What I have mainly done is, try to think about the mathematics of elementary school: what it involves, and what is needed to develop it robustly – the kinds of ideas that might go into writing a set of standards for mathematics education. I have found this to be a serious intellectual challenge. It is this challenge that has kept me thinking about mathematics education. After reading the book Knowing and Teaching Elementary Mathematics by Liping Ma, and serving on the committee that produced Adding It Up, I had the sense that place value was a topic that needed more attention in US math instruction. As part of a series of workshops at the Park City Mathematics Institute, whose goal was to have mathematicians attend to and discuss aspects of the elementary curriculum, I undertook to write an essay about place value. Accordingly, I sacrificed a substantial part of a visit to the wonderful Newton Institute in Cambridge, England, to produce Taking Place Value Seriously (joint with Susanna Epp; available online at http://www.maa.org/pmet/resources/PVHoweEpp-Nov2008.pdf). (Not to complain too much – I also wrote a research paper.)

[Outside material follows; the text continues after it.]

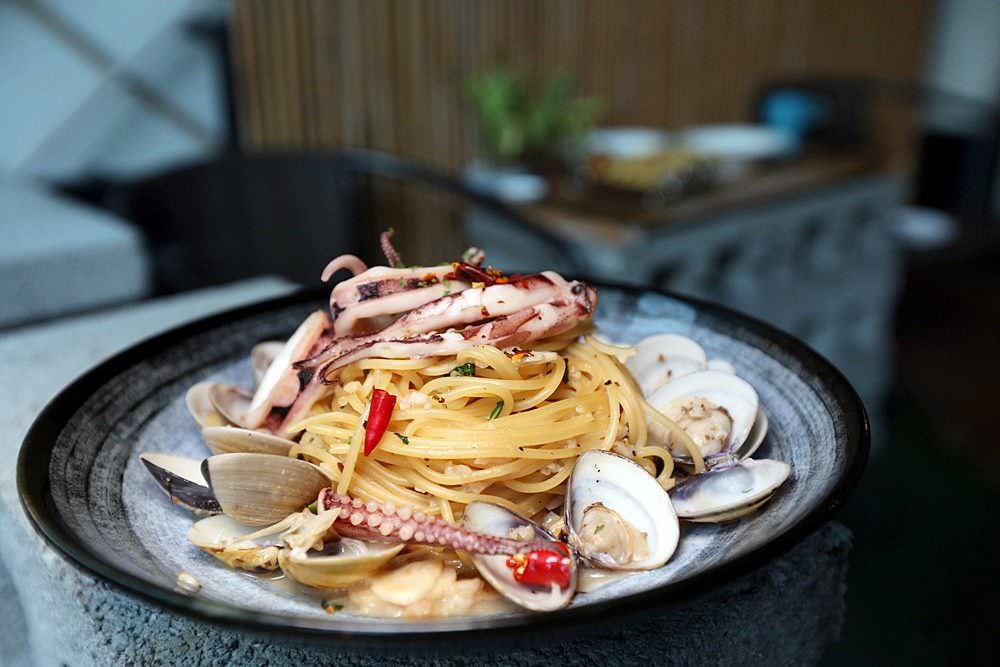 高沐Pasta&Steak 什麼！義大利麵也能吃到再來一盤!? 超棒毒癮醬保證一吃就愛上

One of biggest surprises of that project was the realization that there was no standard short name for the basic building blocks of the decimal system, the numbers like 2 and 70 and 300 and 4,000, that have only one non-zero digit. Such a number can be described as a “digit times a power of 10”, but this is rather cumbersome; also, it assumes the concept of “power of a number”, while one would like to draw student attention to these numbers before that concept is available. So I gave them a name. In the first draft of the essay, I called them “very round number”s. However, some of my Park City colleagues found this insufficiently dignified, so the term that survived to the essay is “single place number”. After writing the essay, I took every opportunity I had to advocate more attention to place value in US math education. (I found that Singapore does a much better job with place value, which reassured me that I was not crazy to emphasize it.) But I gradually realized that I was not communicating what I wanted to, and that the reason was connected to the lack of a name for a “digit times a power of 10″. Place value in the US is treated as a vocabulary issue: ones place, tens place, hundreds place. It is described procedurally rather than conceptually. Place value is treated as the rule that tells you how to read a number, not as the idea of expressing any number as a sum numbers of a very special form:”digit times a power of 10”.
It is this idea that gives place value notation its amazing power. Not only can we write very large numbers efficiently, we can compute with them by simple algorithms, based on two fundamental principles: 1) know how compute the sum or product of two “digit times a power of 10″s (in addition, only worry about the case when the powers of ten are the same); and 2) combine the results of 1) using the Rules of Arithmetic.
Because of the particular nature of the special numbers (they are “digit times a power of 10″s!), step 1) largely boils down to knowing how to compute with digits: the addition facts and the multiplication facts. This small amount of memorization gives one the potential to do an infinite number of computations.
But talking about place value procedurally prevents us from saying this. It takes the focus away from the nature of the special numbers and what we are doing with them, and turns it to the question of how to read numbers. This is of course very important, but it is only the very beginning, the first step in understanding the marvelous conceptual leap that place value embodies.
So my plea to the mathematics education community is: let’s talk conceptually about place value, and help teachers think conceptually about place value. And as an enabling first step, let’s find a short catchy standard name for “digit times a power of 10”!